Excerpted records

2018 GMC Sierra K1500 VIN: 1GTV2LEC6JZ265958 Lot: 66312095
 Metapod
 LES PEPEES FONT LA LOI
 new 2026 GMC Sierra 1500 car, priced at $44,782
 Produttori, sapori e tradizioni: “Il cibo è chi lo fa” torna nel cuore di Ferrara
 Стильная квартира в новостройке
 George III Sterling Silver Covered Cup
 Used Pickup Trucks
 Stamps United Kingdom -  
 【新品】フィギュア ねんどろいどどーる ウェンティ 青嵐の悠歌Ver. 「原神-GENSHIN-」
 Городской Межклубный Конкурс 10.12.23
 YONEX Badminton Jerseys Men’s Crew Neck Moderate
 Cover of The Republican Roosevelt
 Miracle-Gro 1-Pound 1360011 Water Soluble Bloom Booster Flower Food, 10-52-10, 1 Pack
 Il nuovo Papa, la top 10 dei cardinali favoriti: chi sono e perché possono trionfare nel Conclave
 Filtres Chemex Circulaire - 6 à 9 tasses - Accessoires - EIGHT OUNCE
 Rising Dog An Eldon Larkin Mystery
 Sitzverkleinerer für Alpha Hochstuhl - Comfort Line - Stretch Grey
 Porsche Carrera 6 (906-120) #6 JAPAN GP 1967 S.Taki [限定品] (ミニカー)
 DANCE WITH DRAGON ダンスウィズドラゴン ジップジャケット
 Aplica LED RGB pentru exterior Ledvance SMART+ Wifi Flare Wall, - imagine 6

About this task
Among the lines above, return each one holding the string "Sierra".

Exercise output
2018 GMC Sierra K1500 VIN: 1GTV2LEC6JZ265958 Lot: 66312095
 new 2026 GMC Sierra 1500 car, priced at $44,782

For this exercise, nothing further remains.